Phylogenetic studies stand to gain enormous taxonomic ground into the 2020s, primarily owing to the explosion of low-coverage genomes that are particularly well suited for phylogenetic studies. Taxonomic coverage in phylogenetic studies is increasing exponentially with the ability to sequence genomes from historical or museum specimens. Advances in both cost and quality of sequencing, as well as the ability to sequence DNA from degraded museum samples [12–15], allow researchers to now produce phylogenies including all extant, and even extinct species in a taxonomic group [16]. Stringency standards for including genomes in phylogenetic studies are not well established, and poor-quality genomes can produce erroneous assemblies of genes of interest [10], as detailed above. Furthermore, quality scores that highlight the completeness of a genome may serve an important quality control step for the inclusion of genomes in phylogenies, and we recommend that researchers prioritize this quality metric for phylogenetic inference. A more complete genome suggests that the sample possesses common and complete protein-coding genes, and thus it is more likely to include the researcher's set of orthologs. By assessing genome completeness, future systematic error due to taxa with low matrix occupancy may be avoided [17].
Here, we provide 822 draft de novo genome assemblies and quality metrics for a taxonomically diverse, well known group, butterflies, that will be useful for studies on their evolution, gene discovery, and genomics. We explore potential uses of these data, bearing in mind their draft nature, and discuss the state of butterfly genomics in light of genome quality.
Methods
We obtained all published genome assemblies and genomic reads of butterflies (Lepidoptera: Papilionoidea) from NCBI [18] and LepBase [19] databases as of 1 July 2020. In the case of NCBI genome assemblies, we searched using the taxonomy database (keywords “Papilionoidea” and “papilionoid”) for the latest assemblies. When multiple were available, we selected the most recently submitted assembly (as of 1 July 2020; see Supplementary Table S1). We also searched the SRA database [18] and published literature for available paired-end, whole-body, whole shotgun genome sequences of papilionoid species [13, 20–31] (search terms butterfly genome; papilionoid genome; butterfly shotgun genome; searches concluded on 1 July 2020).
We trimmed reads using TrimGalore [32] requiring a quality score of 20 and read length of 30. We assembled reads using SPAdes (SPAdes, RRID:SCR_000131) v3.13 [33] using paired reads and allowing values of K to vary based on read length. For the majority of the de novo genomes, 32 CPUs and 128 GB of memory were sufficient. Forty genomes required additional memory; we ran these genomes with 24 threads with 720 GB of memory, potentially due to deeper sequencing or greater genomic complexity.
Following assembly, we performed several post-processing steps to ensure sequence integrity.

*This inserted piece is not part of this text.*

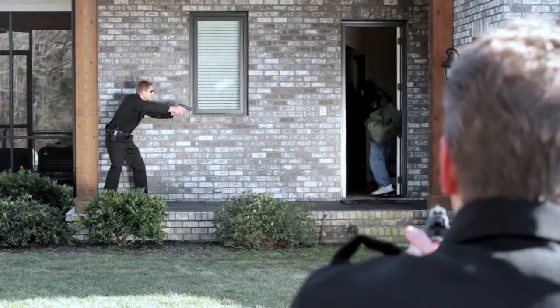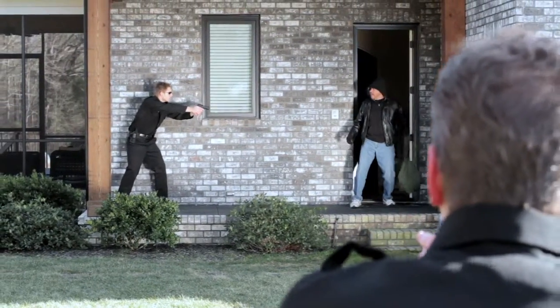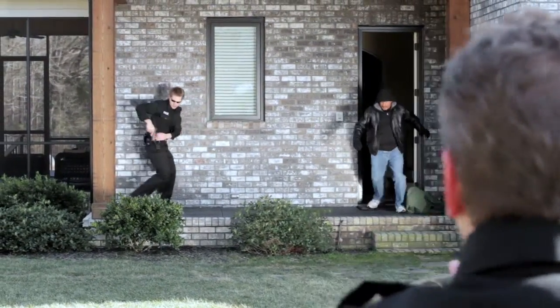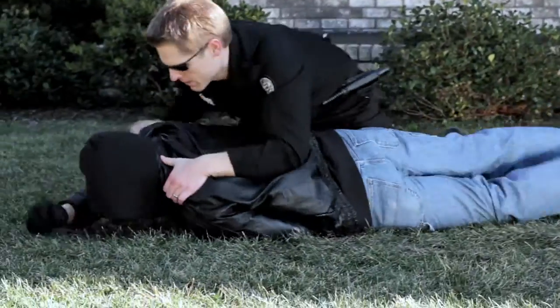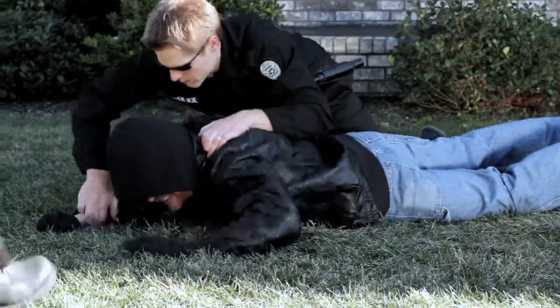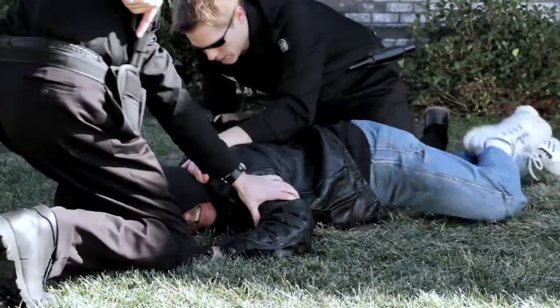'Police! Get on the ground now! Get your hands behind your back!'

First, we identified and removed contigs composed of <200 bp using SeqTK (Seqtk, RRID:SCR_018927) [34]. We scanned for evidence of vector contamination using VecScreen (VecScreen, RRID:SCR_016577) [35] and removed affected contigs. Then, we used the NCBI contaminant screening database to identify common contaminants, such as from fungi or bacteria, and removed those contaminant sequences.

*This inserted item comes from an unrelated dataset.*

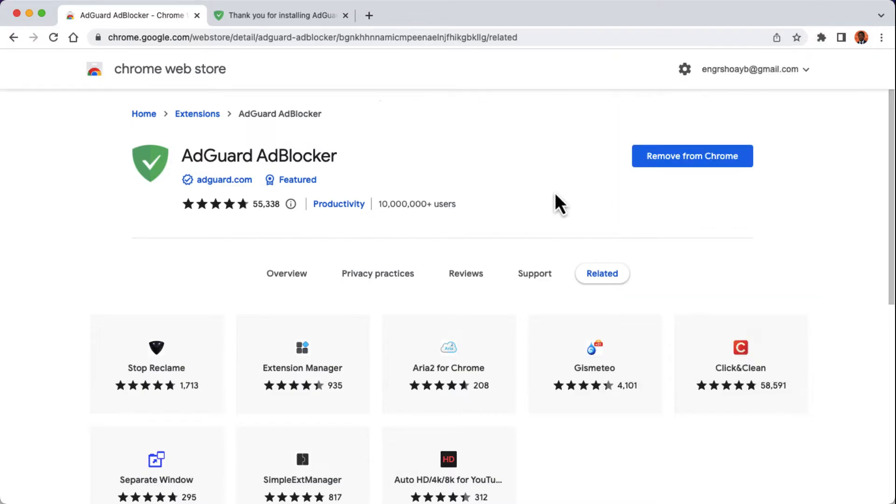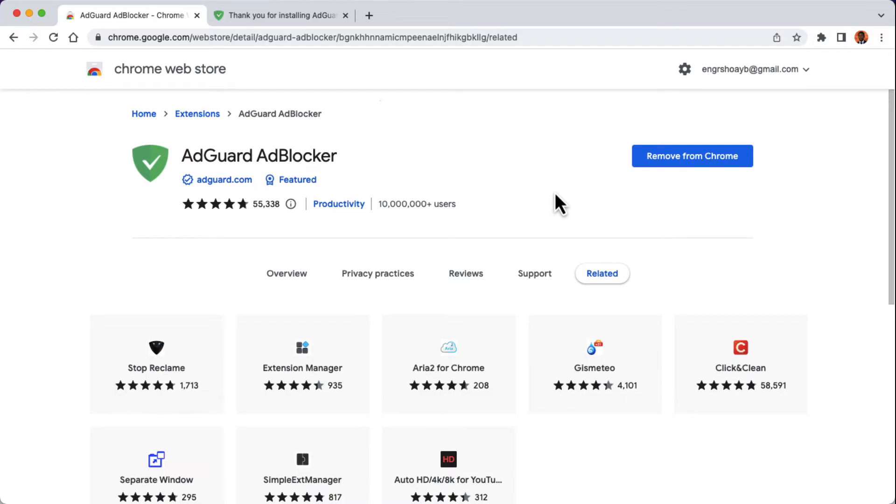Now our ad blocker will automatically start blocking ads on any website. You don't need to do anything else. So that's it for this tutorial on how to block ads on any website using the AdGuard extension, which is a quick and easy way to improve your browsing experience and avoid annoying ads.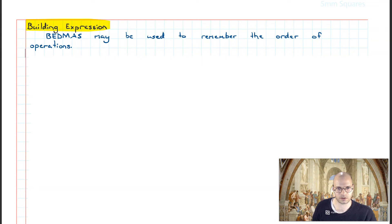Welcome to this video on the topic of algebra. In this video, we're going to have a look at how we can represent algebraic expressions as flowcharts.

To assess assembly quality, we first used assembly-stats [36] to quantify scaffold N50 for each cleaned, contaminant-free assembly. This measure estimates the contiguity of assembly contigs and describes the contig length of half of the genome; i.e., 50% of the genome includes contigs greater than or equal to this length. We also used BUSCO (BUSCO, RRID:SCR_015008) v3.02 [4] to determine the presence of a set of 1,658 core insect single-copy genes (version 9) that are highly conserved across insects and give an approximation of the completeness of the assembly. Herein, we evaluate only the BUSCO Complete score, which requires each of the 1,658 core ortholog genes in the assembly to include both start and stop codons. For the full BUSCO score report, see Supplemental Tables S1–S3. A custom script, filter_seqs_by_NCBI.py (Supplementary File 1), was created to automate NCBI required edits. This script uses the text feedback file from NCBI and will be useful for researchers willing to make their assemblies available on NCBI.
Results
We assembled 873 papilionoid genomes using raw reads from the NCBI SRA database and downloaded 62 pre-assembled genomes from the NCBI Assembly database [18]. These 935 butterfly samples with genomic data represent 665 unique species because some species have multiple subspecies sequenced or have replicate genomes (Supplementary Table S1). We did not attempt to combine genomic reads from multiple conspecific individuals because this will artificially increase heterozygosity and inevitably affect assembly quality [37]. All genomes assembled for this study (Supplementary Table S1) are available for download through the TPA Database (BioProject PRJNA606954) and quality statistics calculated for each genome are listed in Supplementary Table S1.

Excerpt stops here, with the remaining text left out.